---- INPUT RECORDS

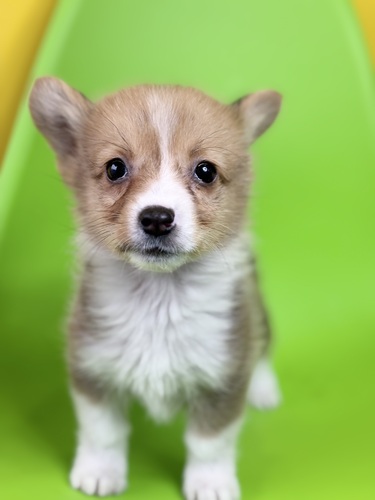 コーギー 犬の販売・譲渡 5857 レッド&ホワイト8818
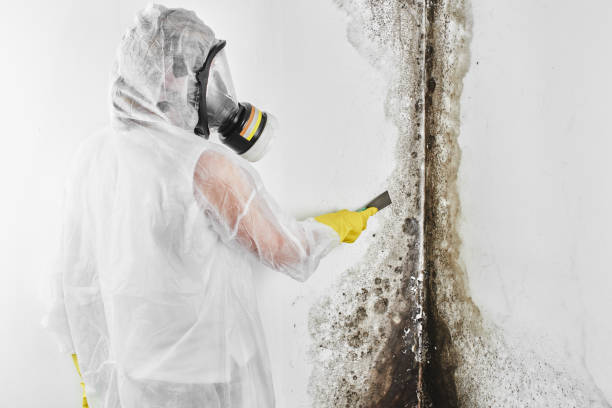 Best Toxic Mold Removal  in Vernon, TX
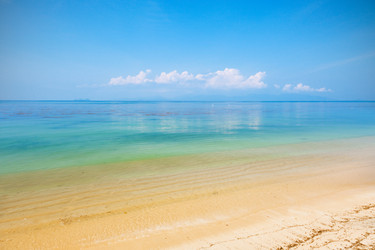 Similar image 7953079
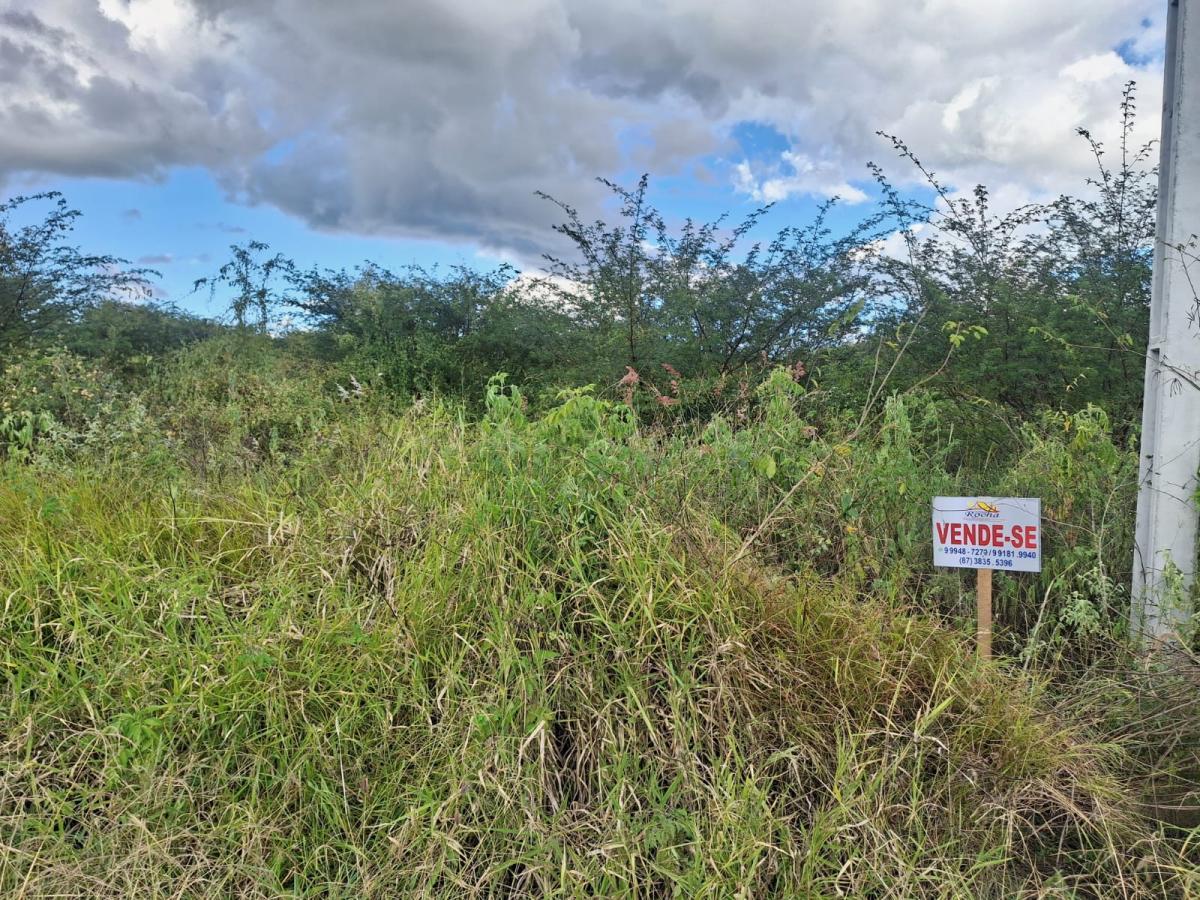 Terreno à venda, 2500m² - Foto 3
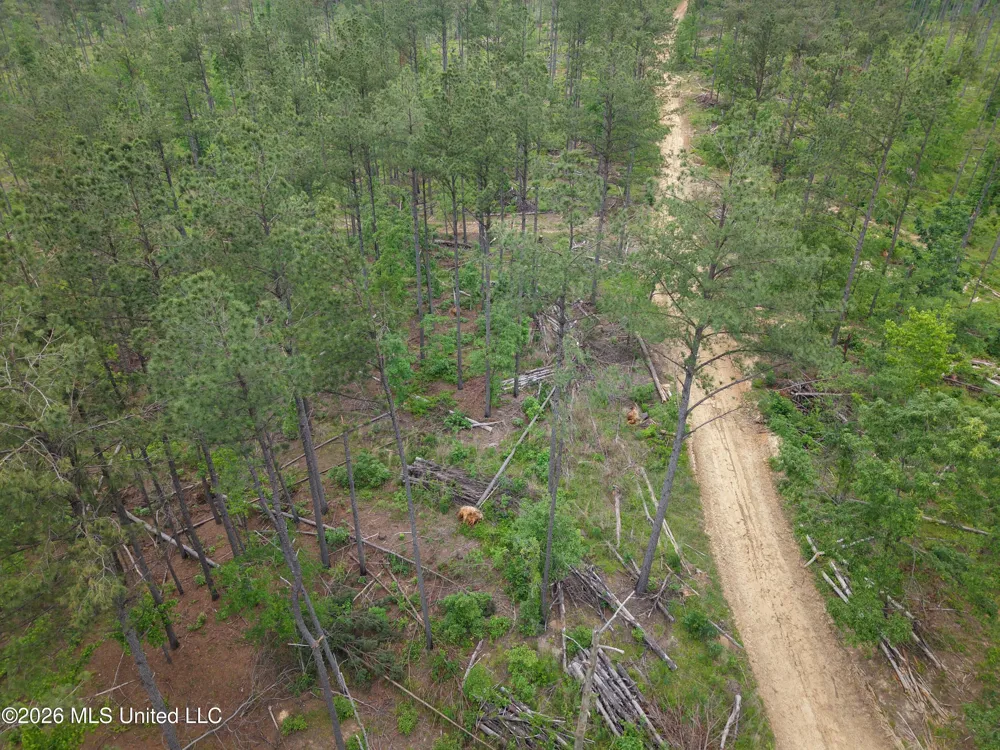 Graysport Crossing Road Grenada, MS 38901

--------

[EXERCISE INSTRUCTIONS] Copy out all the data above exactly, pictures excluded.

[RESULT FOR THIS TASK]
 コーギー 犬の販売・譲渡 5857 レッド&ホワイト8818
 Best Toxic Mold Removal  in Vernon, TX
 Similar image 7953079
 Terreno à venda, 2500m² - Foto 3
 Graysport Crossing Road Grenada, MS 38901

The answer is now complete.